## What is expected
Lines to restate from the data below: from the one containing "Hansgrohe / Axor" to the one containing "长安CS35 2014款 1.6L 自动豪华型 国IV", both included. Give them again exactly, and only them.

BEGIN

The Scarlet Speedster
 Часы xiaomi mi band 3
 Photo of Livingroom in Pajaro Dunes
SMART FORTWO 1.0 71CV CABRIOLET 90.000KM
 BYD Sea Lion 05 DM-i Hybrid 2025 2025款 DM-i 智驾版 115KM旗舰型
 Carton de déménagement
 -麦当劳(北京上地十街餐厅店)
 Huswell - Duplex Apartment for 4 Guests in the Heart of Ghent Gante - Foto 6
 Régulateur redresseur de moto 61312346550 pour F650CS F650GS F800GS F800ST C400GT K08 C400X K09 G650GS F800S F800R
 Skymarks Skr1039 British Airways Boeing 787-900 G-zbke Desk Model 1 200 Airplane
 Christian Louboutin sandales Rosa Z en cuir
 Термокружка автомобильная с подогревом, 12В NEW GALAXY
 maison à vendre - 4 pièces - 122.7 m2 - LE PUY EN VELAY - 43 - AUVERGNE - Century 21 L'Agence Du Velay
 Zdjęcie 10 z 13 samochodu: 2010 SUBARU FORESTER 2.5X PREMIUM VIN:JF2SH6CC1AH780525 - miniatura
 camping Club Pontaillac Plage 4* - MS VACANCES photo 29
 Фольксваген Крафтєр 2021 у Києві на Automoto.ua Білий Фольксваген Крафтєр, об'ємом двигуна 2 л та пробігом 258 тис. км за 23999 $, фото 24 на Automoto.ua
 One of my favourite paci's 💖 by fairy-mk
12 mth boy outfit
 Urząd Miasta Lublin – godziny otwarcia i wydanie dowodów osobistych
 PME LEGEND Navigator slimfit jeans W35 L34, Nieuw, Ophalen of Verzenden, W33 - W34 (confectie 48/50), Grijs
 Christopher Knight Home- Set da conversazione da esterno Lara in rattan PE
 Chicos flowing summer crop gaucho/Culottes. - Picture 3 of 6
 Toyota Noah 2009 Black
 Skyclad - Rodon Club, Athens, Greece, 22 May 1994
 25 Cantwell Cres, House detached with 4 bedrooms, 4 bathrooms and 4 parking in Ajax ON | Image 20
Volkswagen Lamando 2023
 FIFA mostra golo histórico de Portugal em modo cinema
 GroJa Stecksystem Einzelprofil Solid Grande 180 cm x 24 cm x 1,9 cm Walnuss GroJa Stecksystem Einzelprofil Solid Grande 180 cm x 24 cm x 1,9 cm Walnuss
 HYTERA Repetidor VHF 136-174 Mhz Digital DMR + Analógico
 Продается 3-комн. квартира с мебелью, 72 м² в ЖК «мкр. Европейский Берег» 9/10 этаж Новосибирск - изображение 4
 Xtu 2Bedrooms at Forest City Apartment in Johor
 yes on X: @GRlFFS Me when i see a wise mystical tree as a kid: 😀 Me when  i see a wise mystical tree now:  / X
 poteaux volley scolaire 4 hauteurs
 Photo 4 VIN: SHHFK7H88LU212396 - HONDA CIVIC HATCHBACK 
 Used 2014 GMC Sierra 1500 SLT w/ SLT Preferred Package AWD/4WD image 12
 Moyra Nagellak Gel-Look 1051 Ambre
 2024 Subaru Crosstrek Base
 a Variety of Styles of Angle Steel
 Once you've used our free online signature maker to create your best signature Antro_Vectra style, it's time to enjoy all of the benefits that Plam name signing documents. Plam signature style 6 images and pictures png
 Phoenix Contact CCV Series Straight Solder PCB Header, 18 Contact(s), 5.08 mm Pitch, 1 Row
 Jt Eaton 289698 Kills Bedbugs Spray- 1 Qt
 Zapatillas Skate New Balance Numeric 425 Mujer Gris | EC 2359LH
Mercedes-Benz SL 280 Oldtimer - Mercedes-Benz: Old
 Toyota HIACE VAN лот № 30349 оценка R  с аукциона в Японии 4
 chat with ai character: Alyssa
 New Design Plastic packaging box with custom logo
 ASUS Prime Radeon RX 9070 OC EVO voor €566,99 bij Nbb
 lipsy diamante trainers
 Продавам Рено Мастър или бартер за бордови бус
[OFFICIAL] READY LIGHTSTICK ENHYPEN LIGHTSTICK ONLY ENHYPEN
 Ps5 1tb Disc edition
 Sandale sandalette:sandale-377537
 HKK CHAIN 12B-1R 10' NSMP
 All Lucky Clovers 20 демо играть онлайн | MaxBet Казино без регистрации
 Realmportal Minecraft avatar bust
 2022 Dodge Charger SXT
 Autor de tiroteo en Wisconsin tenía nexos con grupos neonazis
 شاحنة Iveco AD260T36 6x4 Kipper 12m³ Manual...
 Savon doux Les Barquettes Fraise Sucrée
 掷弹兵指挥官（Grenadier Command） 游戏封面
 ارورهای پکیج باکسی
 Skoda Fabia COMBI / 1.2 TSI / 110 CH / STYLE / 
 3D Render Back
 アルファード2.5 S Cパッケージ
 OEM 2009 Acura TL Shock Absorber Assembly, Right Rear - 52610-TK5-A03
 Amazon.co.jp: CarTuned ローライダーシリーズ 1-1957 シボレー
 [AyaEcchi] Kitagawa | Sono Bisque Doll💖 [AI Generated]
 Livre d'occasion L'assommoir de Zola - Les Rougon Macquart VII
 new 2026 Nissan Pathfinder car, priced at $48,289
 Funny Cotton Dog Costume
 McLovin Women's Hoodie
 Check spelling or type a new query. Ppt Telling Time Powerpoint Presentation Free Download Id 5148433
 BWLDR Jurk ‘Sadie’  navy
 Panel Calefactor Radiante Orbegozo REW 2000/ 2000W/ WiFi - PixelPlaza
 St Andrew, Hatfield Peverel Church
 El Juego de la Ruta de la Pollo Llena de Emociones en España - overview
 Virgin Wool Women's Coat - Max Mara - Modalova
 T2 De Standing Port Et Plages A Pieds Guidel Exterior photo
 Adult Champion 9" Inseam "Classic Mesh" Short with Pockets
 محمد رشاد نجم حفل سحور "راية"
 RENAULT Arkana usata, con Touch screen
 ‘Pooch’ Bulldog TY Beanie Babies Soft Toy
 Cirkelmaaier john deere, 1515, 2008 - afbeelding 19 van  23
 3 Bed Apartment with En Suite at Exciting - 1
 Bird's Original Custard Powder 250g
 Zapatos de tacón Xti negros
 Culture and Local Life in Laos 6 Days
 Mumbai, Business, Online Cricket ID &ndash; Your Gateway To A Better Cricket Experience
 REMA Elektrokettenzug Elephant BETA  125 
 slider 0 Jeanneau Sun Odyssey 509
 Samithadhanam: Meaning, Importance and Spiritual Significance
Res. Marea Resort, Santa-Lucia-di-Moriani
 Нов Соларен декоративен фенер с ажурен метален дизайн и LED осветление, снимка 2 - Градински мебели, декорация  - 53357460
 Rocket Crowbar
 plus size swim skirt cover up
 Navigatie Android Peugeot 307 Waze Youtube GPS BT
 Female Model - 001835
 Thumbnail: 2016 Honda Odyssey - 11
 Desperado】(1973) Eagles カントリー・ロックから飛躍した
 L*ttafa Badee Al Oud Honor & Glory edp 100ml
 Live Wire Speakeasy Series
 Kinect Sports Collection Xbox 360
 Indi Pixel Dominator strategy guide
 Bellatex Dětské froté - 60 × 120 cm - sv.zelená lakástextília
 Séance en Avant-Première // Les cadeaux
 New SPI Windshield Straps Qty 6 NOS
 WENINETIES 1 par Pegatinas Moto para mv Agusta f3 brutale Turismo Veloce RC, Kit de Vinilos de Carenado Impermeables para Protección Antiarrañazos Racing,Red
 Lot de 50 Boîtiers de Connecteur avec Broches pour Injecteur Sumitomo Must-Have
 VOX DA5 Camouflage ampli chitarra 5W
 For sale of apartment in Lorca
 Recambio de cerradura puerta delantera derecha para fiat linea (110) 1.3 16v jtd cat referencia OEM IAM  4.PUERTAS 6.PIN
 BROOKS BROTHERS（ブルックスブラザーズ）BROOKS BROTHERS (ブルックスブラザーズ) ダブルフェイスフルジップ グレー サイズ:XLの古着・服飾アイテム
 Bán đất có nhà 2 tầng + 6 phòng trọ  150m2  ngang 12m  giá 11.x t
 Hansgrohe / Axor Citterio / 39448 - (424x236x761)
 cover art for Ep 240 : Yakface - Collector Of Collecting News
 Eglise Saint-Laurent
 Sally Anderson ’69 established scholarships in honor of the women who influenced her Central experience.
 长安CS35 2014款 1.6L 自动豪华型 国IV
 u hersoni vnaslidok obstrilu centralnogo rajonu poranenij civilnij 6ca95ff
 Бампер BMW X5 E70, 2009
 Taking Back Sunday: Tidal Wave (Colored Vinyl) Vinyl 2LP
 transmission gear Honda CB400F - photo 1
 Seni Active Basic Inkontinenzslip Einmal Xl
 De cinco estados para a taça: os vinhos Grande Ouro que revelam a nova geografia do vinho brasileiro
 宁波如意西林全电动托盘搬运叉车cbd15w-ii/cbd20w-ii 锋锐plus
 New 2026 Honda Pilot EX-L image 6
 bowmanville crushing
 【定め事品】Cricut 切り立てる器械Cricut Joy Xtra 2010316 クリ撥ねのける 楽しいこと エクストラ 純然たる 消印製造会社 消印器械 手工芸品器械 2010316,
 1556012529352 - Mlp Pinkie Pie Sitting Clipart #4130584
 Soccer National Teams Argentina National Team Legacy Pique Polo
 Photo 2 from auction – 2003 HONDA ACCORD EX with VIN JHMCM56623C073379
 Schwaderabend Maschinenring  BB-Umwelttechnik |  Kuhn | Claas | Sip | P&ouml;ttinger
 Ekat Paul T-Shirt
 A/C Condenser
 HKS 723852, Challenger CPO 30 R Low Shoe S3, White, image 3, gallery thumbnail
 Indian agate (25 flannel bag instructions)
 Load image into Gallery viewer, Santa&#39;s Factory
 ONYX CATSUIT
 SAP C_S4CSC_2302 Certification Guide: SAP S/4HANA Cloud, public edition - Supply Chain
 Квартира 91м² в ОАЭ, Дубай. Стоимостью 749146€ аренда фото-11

END

## Answer to this exercise
 Hansgrohe / Axor Citterio / 39448 - (424x236x761)
 cover art for Ep 240 : Yakface - Collector Of Collecting News
 Eglise Saint-Laurent
 Sally Anderson ’69 established scholarships in honor of the women who influenced her Central experience.
 长安CS35 2014款 1.6L 自动豪华型 国IV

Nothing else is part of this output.